In other reported cases of infection, the portal of entry for these micro-organisms was postulated to be in situ indwelling devices, or undergoing procedures breaking the skin barrier [10,18,20]. A hypothetical risk factor linked to intravenous drug abuse is that substances such as lemon juice or vinegar are used to dilute heroin [6]. Asaia species thrives well in such acidic conditions and, therefore, these patients can be considered at increased risk for developing bacteremias. With particular mention to the above, the present case strengthens the question as to whether cases of Asaia species bacteremias can really be a rarity, since routine identification systems, including automated instruments, are unable to correctly identify this genus and clinical microbiologists may not be aware of these environmental micro-organisms. Moreover, molecular identification is not always possible in clinical laboratories and micro-organisms that only cause transient bacteremias are rarely referred to reference laboratories. On the other hand, to our knowledge, the only study on the evaluation of the prevalence of Asaia species in humans failed to demonstrate the possible circulation of these micro-organisms [15].

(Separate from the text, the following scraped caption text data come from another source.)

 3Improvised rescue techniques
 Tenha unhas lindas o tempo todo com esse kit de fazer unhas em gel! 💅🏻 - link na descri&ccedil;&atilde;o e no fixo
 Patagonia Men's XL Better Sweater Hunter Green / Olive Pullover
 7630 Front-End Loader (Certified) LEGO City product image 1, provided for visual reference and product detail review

These micro-organisms appear to possess a very low pathogenic potential. In almost all cases described thus far, bacteremias due to Asaia species are self-limiting, and the low virulence of these micro-organisms is further highlighted by the fact that, when a known source such as catheter tip was removed, clinical improvement was quickly observed [10,18]. In this report, the pyrexia disappeared spontaneously in 24 h, since the antibiotic therapy administered empirically was ineffective in vitro.

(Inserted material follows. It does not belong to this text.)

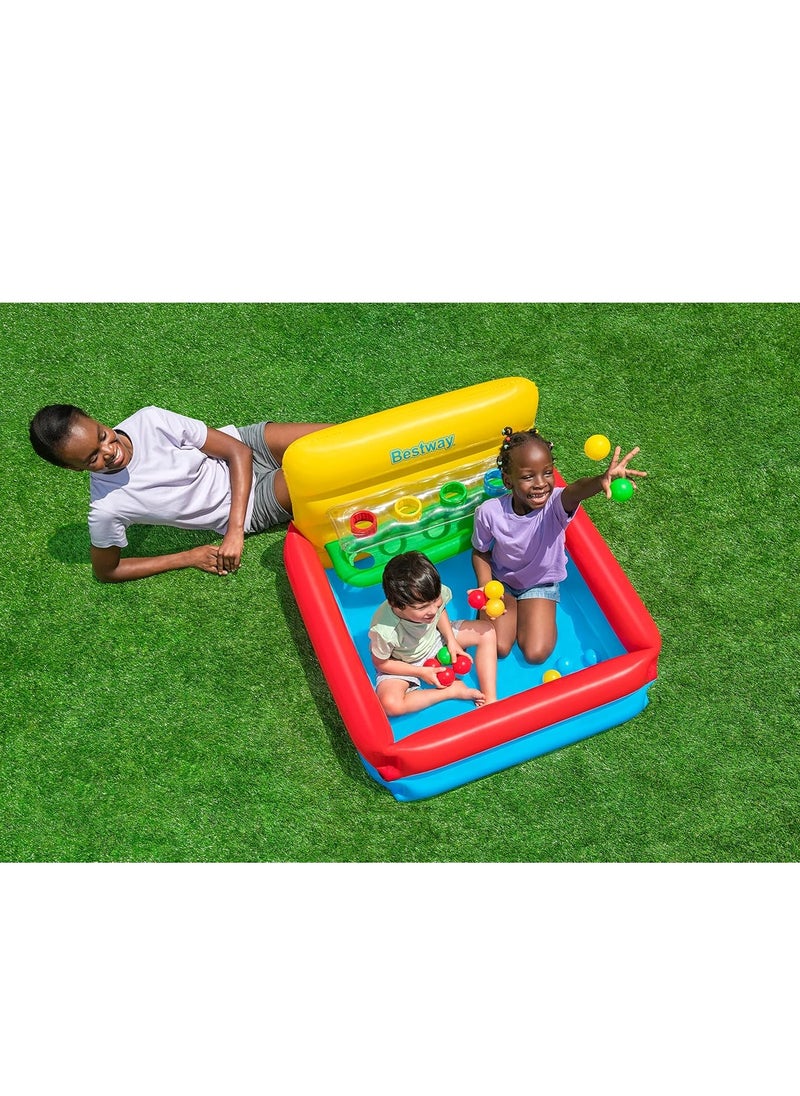 Bestway - Bestway Sort ‘N Play Ball Pit Set With 15 Balls - Image 1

This report confirms the high-level resistance of members of the genus Asaia. The strain was susceptible only to aminoglycosides and tetracyclines (similarly to previously described isolates [10,20], see also Table 1), and these drugs seem to be the best approach if therapy is required. Use of gradient MICs seems appropriate in evaluating the susceptibility pattern of these bacteria, whereas the automated instruments failed to provide a result. The proper incubation temperature remains to be defined: Alauzet et al. proposed 30°C, since this temperature allows the best growth of AAB [6]. In this case, since Asaia lannensis grows at 36°C, the ASTs were evaluated using gradient MICs on MHSB at this temperature, with evaluation after 48 h.

The multidrug resistance of these micro-organisms should be better investigated in order to establish if they possess mobile elements (plasmids, transposons) that can be transmitted to other bacteria.